Key Takeaways
- Shares of BKNG slumped to a 52-week bottom at $167.77, shedding 21.5% since January
- Truist Securities lowered its price objective from $5,810 to $5,780 while maintaining a Buy recommendation
- Analysts point to Middle East tensions as a more significant concern for BKNG compared to Expedia
- Mizuho elevated Booking.com to its preferred travel stock, displacing Airbnb from the top position
- House Oversight Committee members are investigating Booking.com regarding potential algorithmic pricing practices
Shares of Booking Holdings have experienced significant turbulence in recent weeks. On April 6, the stock bottomed out at $167.77, representing a new 52-week trough and extending a downturn that has wiped out more than one-fifth of its market value year-to-date.
The decline appears disconnected from the company’s operational performance. Booking Holdings generated $26.92 billion in trailing twelve-month revenue while maintaining a robust 87% gross profit margin — a profitability level that remains exceptional within the industry.
On Sunday, Truist Securities adjusted its valuation on BKNG downward to $5,780 from $5,810, highlighting geopolitical uncertainties stemming from escalating tensions involving Iran. Despite the reduced target, the firm retained its Buy recommendation, emphasizing the company’s worldwide diversification as a competitive advantage over the long haul.
According to Truist’s analysis, Booking Holdings faces marginally greater exposure to Iran-related disruptions than Expedia, primarily due to BKNG’s substantial presence across Asian markets and its linkage to European energy dynamics.
Expedia, meanwhile, derives approximately two-thirds of its revenue from domestic U.S. operations, which Truist believes offers more stability in the near term, particularly with a robust lineup of summer events expected to drive domestic travel demand.
Nonetheless, Truist continues to favor BKNG’s long-term prospects over Expedia, even while acknowledging ongoing headwinds from geopolitical instability and concerns about artificial intelligence disruption affecting investor confidence.
Analyst Shifts: Mizuho Chooses Booking Over Airbnb
In a notable change, Mizuho recently promoted Booking.com to its highest-conviction travel recommendation, replacing Airbnb in that role.

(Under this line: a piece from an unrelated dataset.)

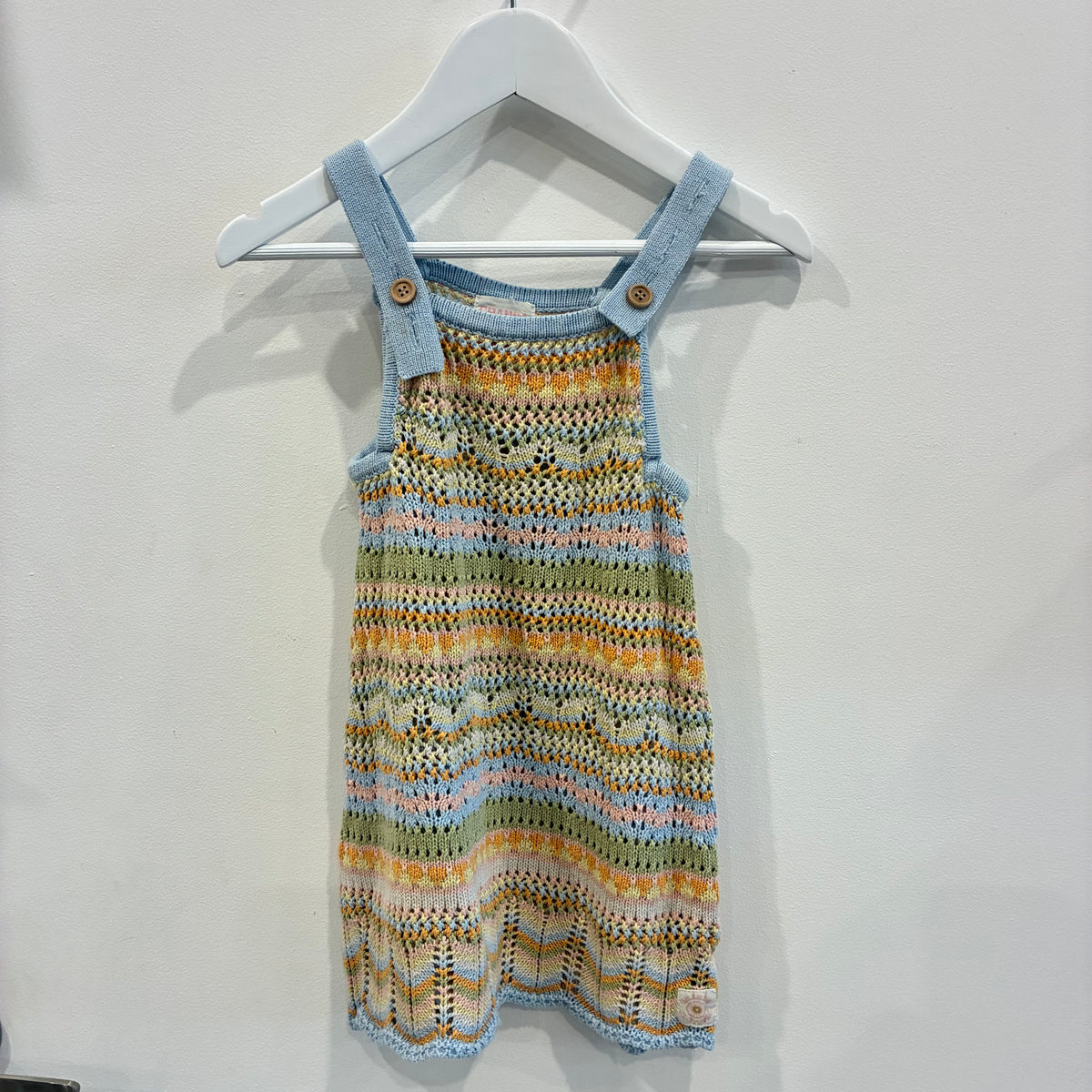 GHANDA Pastel Knit Dress, 3/4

The upgrade followed OpenAI‘s strategic pivot away from integrated ChatGPT transactions toward app-based booking flows — a shift that positions Booking.com as a primary beneficiary.
While the partnership holds promise as a potential traffic catalyst, its financial impact remains uncertain at this stage.
Meanwhile, the company recently executed a 25-for-1 forward stock split, expanding its authorized common shares from 1 billion to 25 billion. The corporate amendment was officially registered with Delaware authorities and is now in effect.
Booking Holdings has also strengthened its board composition by appointing Kurt Sievers, the previous chief executive of NXP Semiconductors. Sievers contributes extensive experience in corporate transactions and strategic acquisitions from his tenure at NXP.
Regulatory Attention on Algorithmic Pricing
On the compliance front, members of the U.S. House Oversight Committee have contacted Booking.com — alongside other major travel and technology platforms — requesting documentation about potential use of surveillance-based pricing mechanisms.
Lawmakers are examining whether companies employ personalized pricing algorithms that could result in variable consumer costs. Booking.com has yet to issue a public statement addressing the committee’s information request.
According to InvestingPro analysis, BKNG appears to be trading at attractive valuations given current price levels, hovering slightly above its yearly floor of $150.62.